Retype the data below verbatim; pictures do not belong in the copy.

Supplied material »
====================

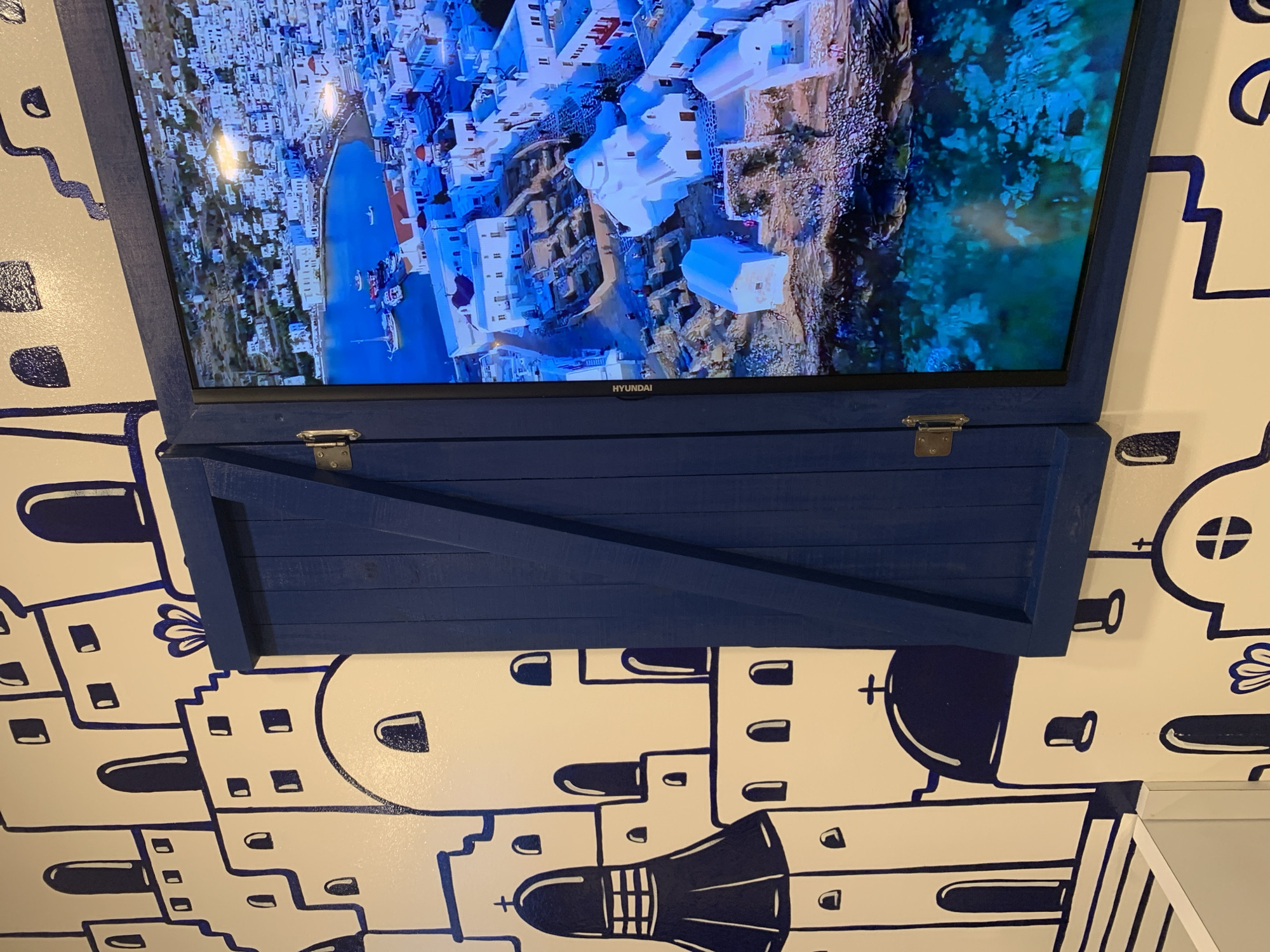 An indoor scene captures a wall-mounted television and a decorative wooden shutter below it. The television displays a vibrant aerial view of a coastal town, characterized by numerous white-washed buildings nestled along a rocky coastline. A clear blue bay with boats docked in a harbor is prominent, and the water transitions to a lighter turquoise near the shore, suggesting shallowness. The scene on the screen is indicative of a bright, sunny day in a Mediterranean or Greek island setting. The word "HYUNDAI" is visible on the bottom frame of the television.
Below the screen, a dark blue, wooden shutter, constructed from planks and featuring a diagonal brace, is closed. Two silver-colored metallic latches are secured on its top edge. The wall surrounding both the TV and the shutter is painted white and adorned with a stylized mural. This mural depicts outlines of buildings, bell towers, and arched windows in dark blue, complementing the screen's imagery and creating a cohesive Mediterranean village theme. Although the provided context is Pampatar, Venezuela, the visual elements, especially the TV content and wall mural, evoke the architecture and scenery typically found in Greek islands.
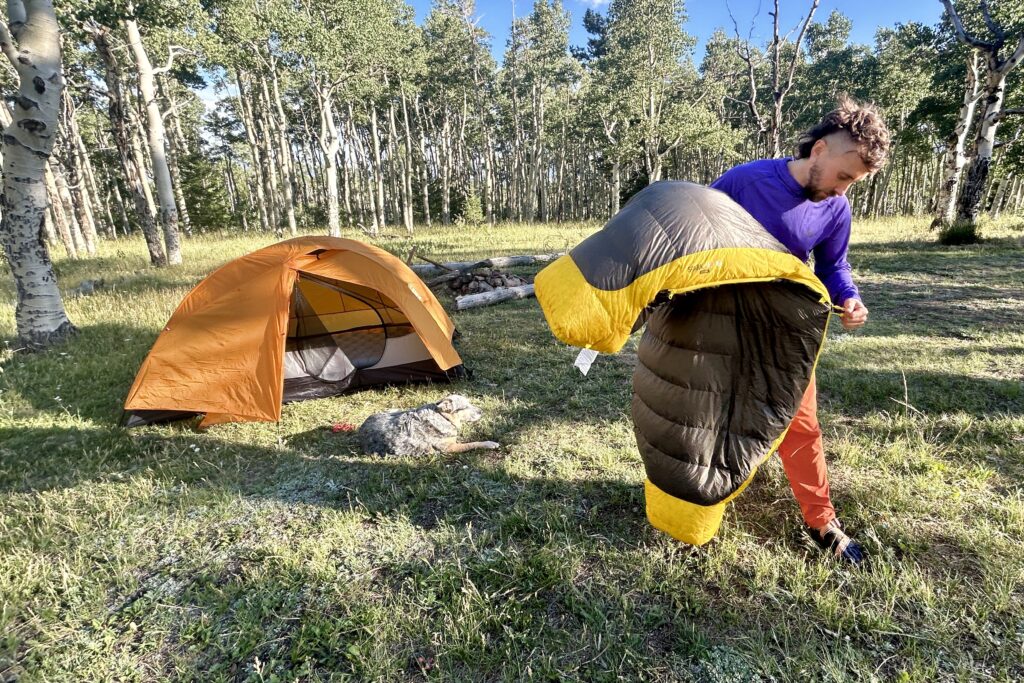 Standing outside of his tent at camp, a man zips up his sleeping bag in the morning light.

====================

Task response »
 An indoor scene captures a wall-mounted television and a decorative wooden shutter below it. The television displays a vibrant aerial view of a coastal town, characterized by numerous white-washed buildings nestled along a rocky coastline. A clear blue bay with boats docked in a harbor is prominent, and the water transitions to a lighter turquoise near the shore, suggesting shallowness. The scene on the screen is indicative of a bright, sunny day in a Mediterranean or Greek island setting. The word "HYUNDAI" is visible on the bottom frame of the television.
Below the screen, a dark blue, wooden shutter, constructed from planks and featuring a diagonal brace, is closed. Two silver-colored metallic latches are secured on its top edge. The wall surrounding both the TV and the shutter is painted white and adorned with a stylized mural. This mural depicts outlines of buildings, bell towers, and arched windows in dark blue, complementing the screen's imagery and creating a cohesive Mediterranean village theme. Although the provided context is Pampatar, Venezuela, the visual elements, especially the TV content and wall mural, evoke the architecture and scenery typically found in Greek islands.
 Standing outside of his tent at camp, a man zips up his sleeping bag in the morning light.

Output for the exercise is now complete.